Maureen O'Sullivan is the owner of a dating service, and Russell comes to sign up for it. We quickly realize that she is typically sharp witted, but we also realize that she is totally unscrupulous - she puts down vast resources and wealth on her application that she does not have. Obviously she is interested in meeting a wealthy man. Soon she gets word that a male member of the dating service, Fairbanks, wants to get to know her. She sees him, and senses charm, wit, charisma, and money...plenty of it. Soon they are a real item, and the two seem to fit well together. But gradually we are let into a second secret: Fairbanks too is a fortune hunter, and he is convinced that Russell is what she lied about - a wealthy woman seeking matrimony.
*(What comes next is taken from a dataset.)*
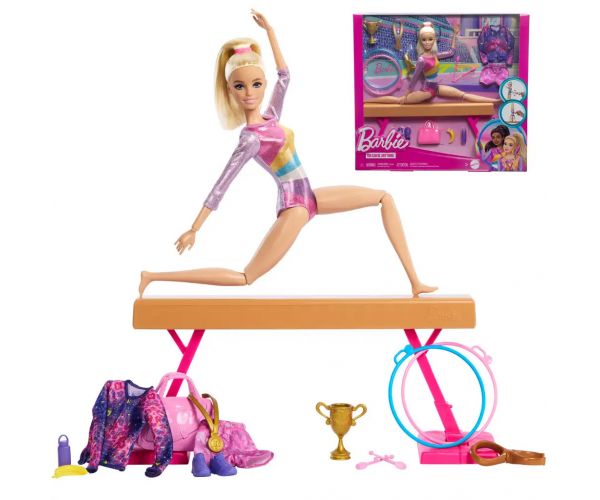 Barbie: Tornász baba játékszett kiegészítőkkel - Mattel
It becomes a tale of two liars who catch each other. As such it is not a bad television film, though a minor one for Russell (who one wishes had left on a higher note). The cast, which also had Ross Martin as a good natured but suspicious police officer, was a game one, and did not fail to entertain the audience. But the plot required that the two grifters end up trying to cheat each other and discover each other's falseness. Only a third switch in the plot makes the story a trifle more sour, as one of the grifters tries to silence the other one.

It would have been better, perhaps, if the script made them join forces - they fit so well together while dating. The final movie is not a bad one, but it might have been more charming if it had been better thought out.